Premiação do Oscar 2022 é marcada por tapa de Will Smith no rosto de Chris Rock

O ator estadunidense Will Smith desferiu um tapa no rosto do compatriota Chris Rock durante premiação do Oscar 2022

28 de março de 2022 - 13h41

A Academia deu um tapa na cara da sociedade

 

Por Paulo André Machado Kulsar

A cerimônia de entrega do Oscar 2022 ficará eternizada pelo tapa que Will Smith desferiu no rosto de Chris Rock, após uma piada inaceitável.

Para além das polêmicas a respeito da forma de votação, das escolhas feitas para a premiação e pela criação da “segunda divisão” de categorias, o que fica é a evidenciação de que a cultura machista é dominante, e o que realmente incomoda os votantes é a desconstrução da ideia do “macho alfa”.

Os comentários de Sam Elliot, reclamando da forma como os cowboys foram retratados, já foram um aviso sobre como a masculinidade tóxica é dominante na cultura norte-americana.
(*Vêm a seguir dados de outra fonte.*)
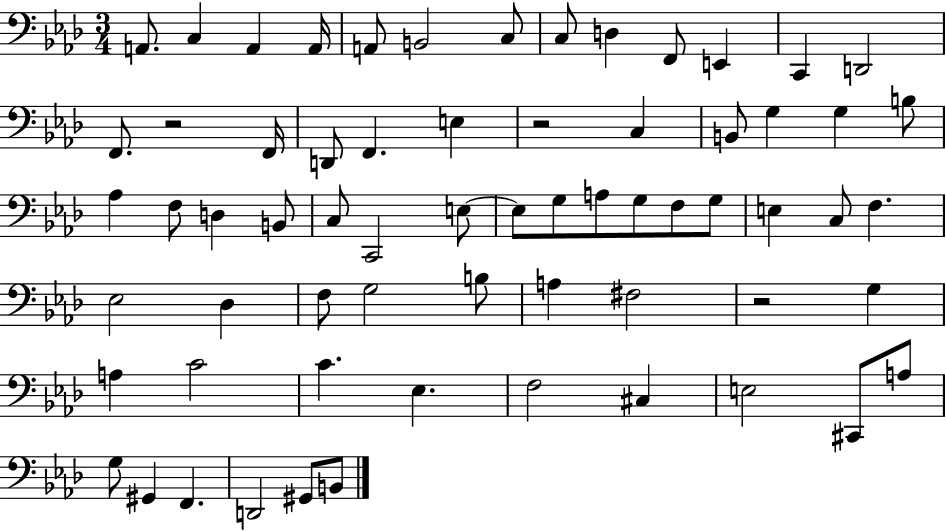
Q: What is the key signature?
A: AES major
Elliot considera que Jane Campion não tinha o direito de fazer um filme sobre o Velho Oeste, muito menos retratando cowboys como homossexuais.

Como se alguém tivesse de pedir licença aos donos da narrativa, que dizimaram a população nativa e se vangloriam da bravura de ter conquistado o território. 

Ataque dos Cães, aclamado pela crítica, indicado a 12 estatuetas, acabou levando apenas a de direção.

Impossível descobrir os motivos de cada votante, pois são milhares, mas a repercussão das declarações de Elliott nos dão uma pista. Talvez considerem No Ritmo do Coração um filme melhor, e pronto…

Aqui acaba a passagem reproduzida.